=== DATA ===
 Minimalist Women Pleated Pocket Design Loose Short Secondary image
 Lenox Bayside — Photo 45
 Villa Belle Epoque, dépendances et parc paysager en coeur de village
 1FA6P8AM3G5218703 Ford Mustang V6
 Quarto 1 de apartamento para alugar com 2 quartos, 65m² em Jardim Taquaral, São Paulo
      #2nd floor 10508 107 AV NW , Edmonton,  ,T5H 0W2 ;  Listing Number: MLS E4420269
===
=== DATA ===
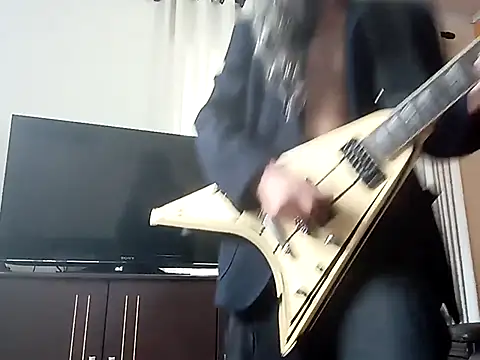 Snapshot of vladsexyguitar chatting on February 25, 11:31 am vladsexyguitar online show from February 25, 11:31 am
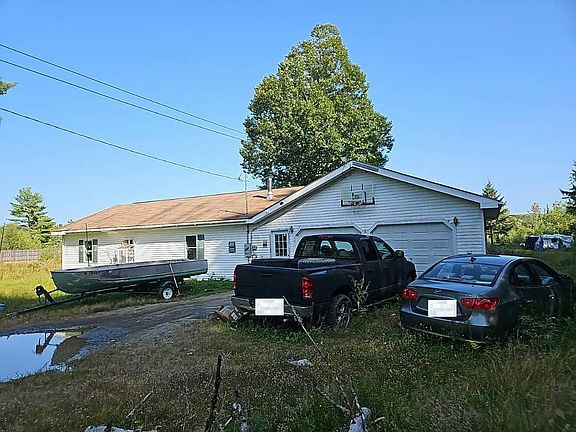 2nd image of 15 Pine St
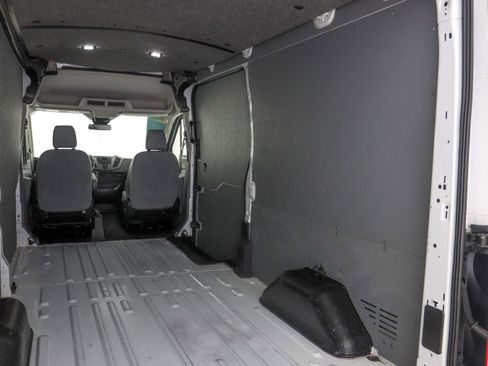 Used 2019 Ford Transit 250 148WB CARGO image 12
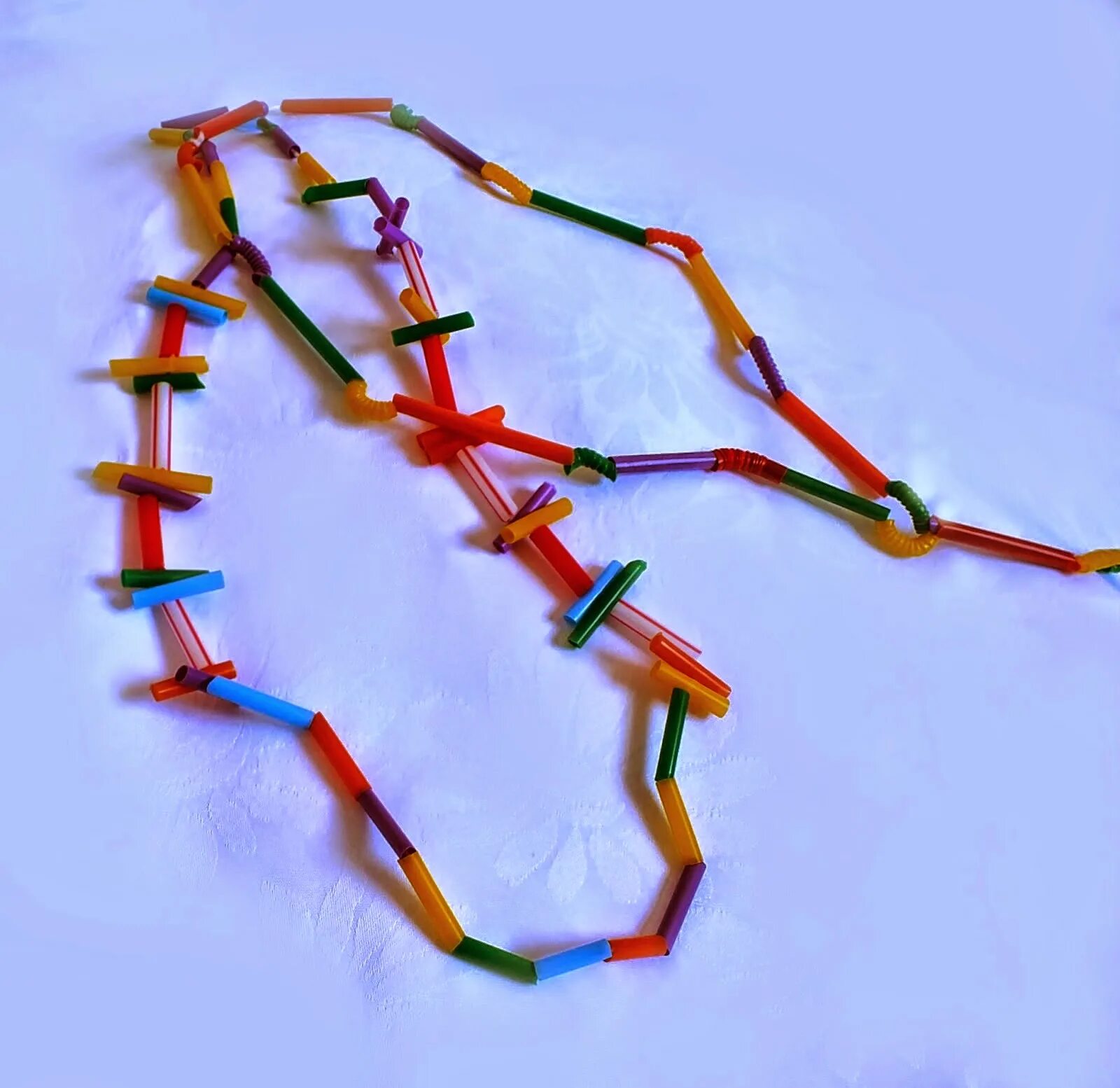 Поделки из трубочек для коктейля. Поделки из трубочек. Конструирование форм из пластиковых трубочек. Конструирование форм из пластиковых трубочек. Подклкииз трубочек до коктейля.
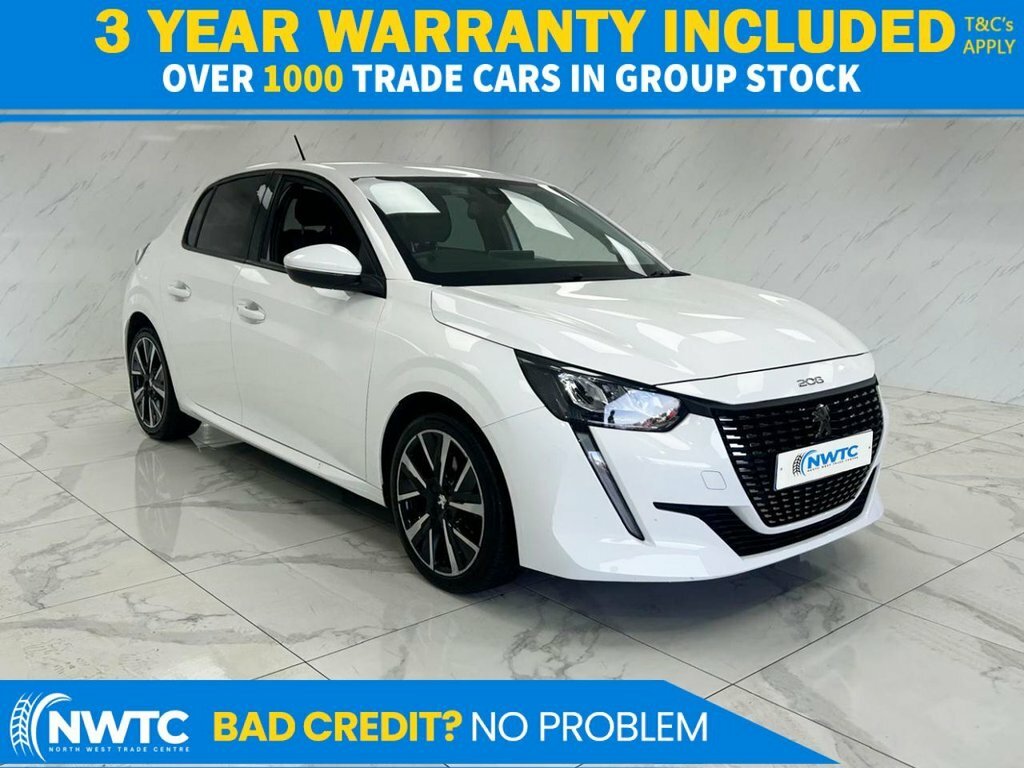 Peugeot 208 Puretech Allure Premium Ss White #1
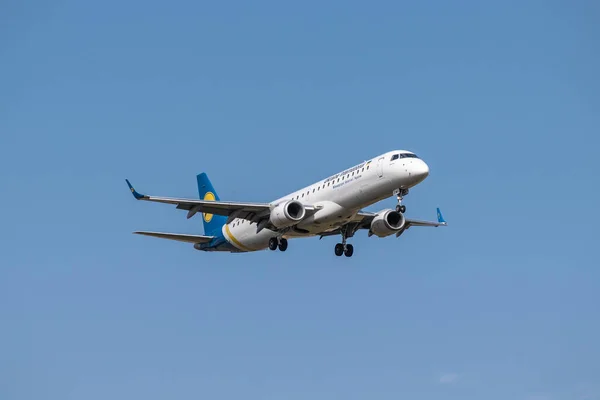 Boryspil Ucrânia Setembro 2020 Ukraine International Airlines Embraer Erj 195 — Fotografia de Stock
===
(PROBLEM STATEMENT): Only the lines above starting at the line that holds "Quarto 1 de" and ending at the line that holds "#2nd floor 10508" are to be repeated, exactly and in full.

(RESULT):
 Quarto 1 de apartamento para alugar com 2 quartos, 65m² em Jardim Taquaral, São Paulo
      #2nd floor 10508 107 AV NW , Edmonton,  ,T5H 0W2 ;  Listing Number: MLS E4420269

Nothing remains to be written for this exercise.